Let’s be honest, anonymous shopping is so easy these days. Swipe, beep, swipe, beep, goes the routine. And off home we go with our bags full of Chilean asparagus, Kenyan beans, and New Zealand hoki (it’s a fish, the stocks of which look increasingly threatened). There is usually no discussion in the generic environment of the supermarket as to the provenance or sustainability of the food we buy – bar the marketing blurb that “reassures” us that produce is “Scottish”, or “English”, or “British” – apart, of course, from when it frequently isn’t any of these things. There’s no real explanation about what’s on offer, other than a passing indication of country of origin, and maybe – if we are lucky – a diminutive name check for the producer. There certainly seems to be little genuine passion from big retailers about the produce filling the supermarkets’ aisles.  But it doesn’t have to be like this.

Mull cheese and smoked trout from Belhaven.
Cheese from Mull, smoked trout from Belhaven.

Yesterday, at Edinburgh’s Summerhall, knowledge and passion were in abundance. The event featured producers, suppliers and restaurateurs from across Scotland, each with stalls packed with (mostly) locally sourced ingredients and produce. All supporters of the slow food ethos, everyone had a story to tell, and every stall was a bit different. To be honest, such was the enthusiasm of all those involved for what they were doing, there was a danger of being slightly overwhelming – but not in a bad way. To taste such quality produce and hear about the connection those serving it had with what they were offering was inspirational. It was great to experience so much of that genuine buzz in one place, at one time.


I asked Neil Forbes – Chef/Proprietor of Edinburgh brasserie, Café St Honore – why he was at the event. “My gran’s soup”, he replied, somewhat enigmatically. He went on to explain that she used the best, freshest – and often home-grown – ingredients when she cooked it. That has influenced Neil’s take on food ever since. What’s not inspirational about those values?

Equally, chatting to Sascha Grierson about the organic meat company she, and her husband Hugh, run provided me with an interesting insight. “Sometimes, people ask about our marketing ‘department'” she laughingly said. “That would be me. And the accounts department, and I’m often the person on the stall at the farmers’ markets, too” Sascha explained. This emphasised that more often than not the organisations involved in the slow food movement are comparatively modest in size, and operate without the resources and infrastructure available to the large-scale food conglomerates. But speak to anyone involved in slow food and it’s apparent that they are people with a real devotion to what they produce and sell, and a genuine interest in the people they sell it to.  This is what drives their success.
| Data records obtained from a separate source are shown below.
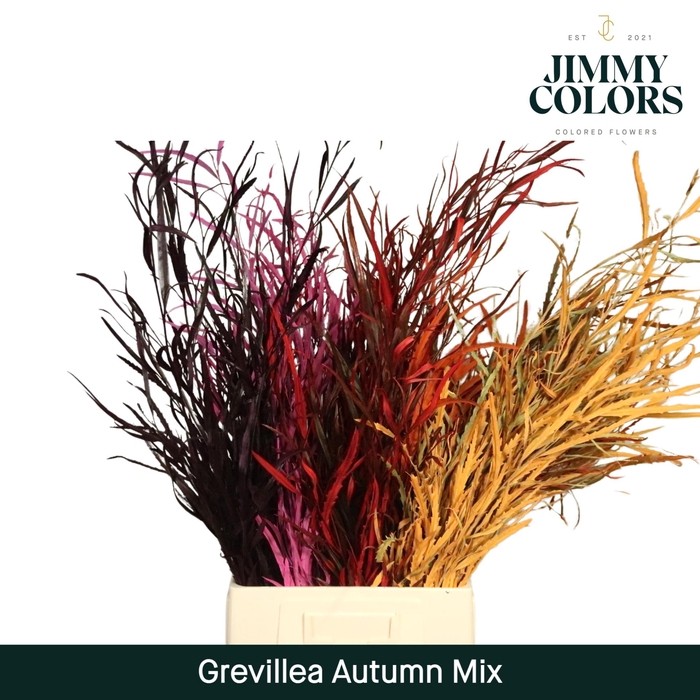 <h4>Grevillea (bunch) Autmn mix</h4>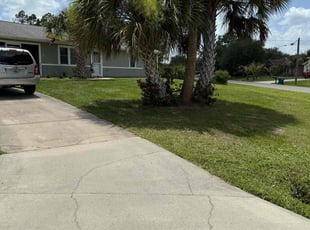 Dave D.'s lawn maintenance service result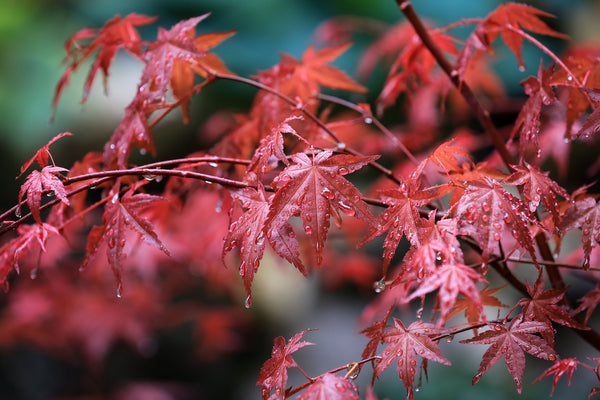 Fächerahorn: Alles rund um den richtigen Standort, das Schneiden & die Sorten von Acer palmatum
Scottish Café & Restaurant produce & sustainability award.
Scottish Café & Restaurant produce & sustainability award.

I’d like to add how great it was to also speak to proprietors and staff from: Centotre, and the Scottish Café & Restaurant ; the Stockbridge Restaurant; the Cumberland Bar; the Edinburgh Larder; Mara Seaweed; 63 Tay Street Restaurant; The Monachyle Mhor Hotel; and the Roost; as well as representatives from Slow Food UK. Thank you all for putting on a truly inspirational event. It’s a pleasure to write about it and, in doing so, to try and inspire others to think about how and where the food they eat is produced and prepared.